[fpc-pascal] FPC Graphics options?

Felipe Monteiro de Carvalho felipemonteiro.carvalho at gmail.com
Sun May 21 14:58:45 CEST 2017


On Thu, May 18, 2017 at 5:05 PM, Graeme Geldenhuys
<mailinglists at geldenhuys.co.uk> wrote:
> Use Java instead. ;-) Check. Oh wait, that's what I did for that project.

Well, Java also has its issues. I am studying Java and I am completely
shocked that you need to use "volatile" to avoid serious hard-to-debug
multithreading bugs.

It looks like you pretty much need to declare all vars that might be
accessed from different threads as volatile from what I understood,
because otherwise the java compiler might never write values to the
variable at all, instead write only to a local cache. Amazing!

In FPC this isn't needed since assignments always change real memory.
Thinking about it, maybe FPC needs the oposite kind of variable
modified, a "notvolatile" so that it could optimize more agressively
in case you are 100% sure this code will be run on a single thread...
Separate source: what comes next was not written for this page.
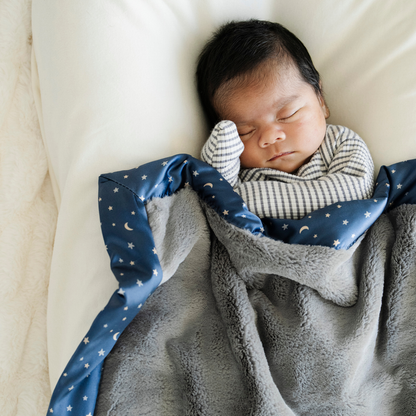 Baby boy snuggled with Satin back mini baby blanket in Twinkle Star print.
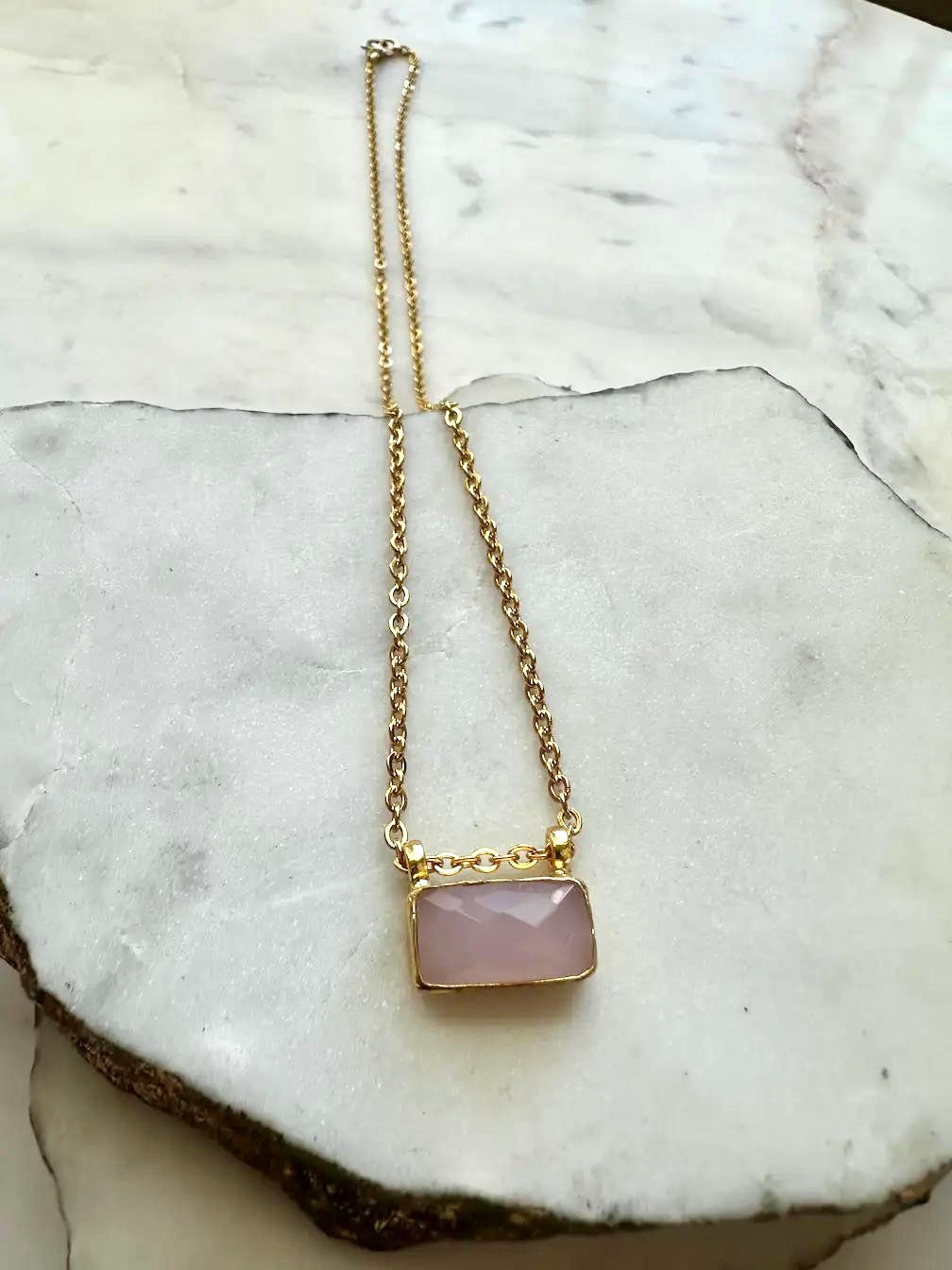 Handcrafted 21K gold-plated pink rose quartz gemstone pendant necklace on a marble surface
This simple program never ends if you delete the volatile keyword (I
tested here in Windows):

import java.util.*;

class FelipeTestThread
{
    volatile boolean running = true;

    public void test()
{
        new Thread(new Runnable()
{
            public void run()
   {
                int counter = 0;
                while (running) {
                    counter++;
                }
                System.out.println("Thread 1 finished. Counted up to "
+ counter);
            }
        }).start();
        new Thread(new Runnable()
{
            public void run()
{
                // Sleep for a bit so that thread 1 has a chance to start
                try
{
                    Thread.sleep(100);
                } catch (InterruptedException ignored) { }
                System.out.println("Thread 2 finishing");
            running = false;
            }
        }).start();
  }
    public static void main(String[] args)
{
        new FelipeTestThread().test();
    }
}

Not to mention that 1 file per class is super annoying and it is
impossible to resize arrays and there are no unsigned integers.
Generics can't accept non-Object values. There is no way to pass
parameters by reference, accessing operating system APIs is a
nightmare which involves writing large JNI wrappers in C...etc.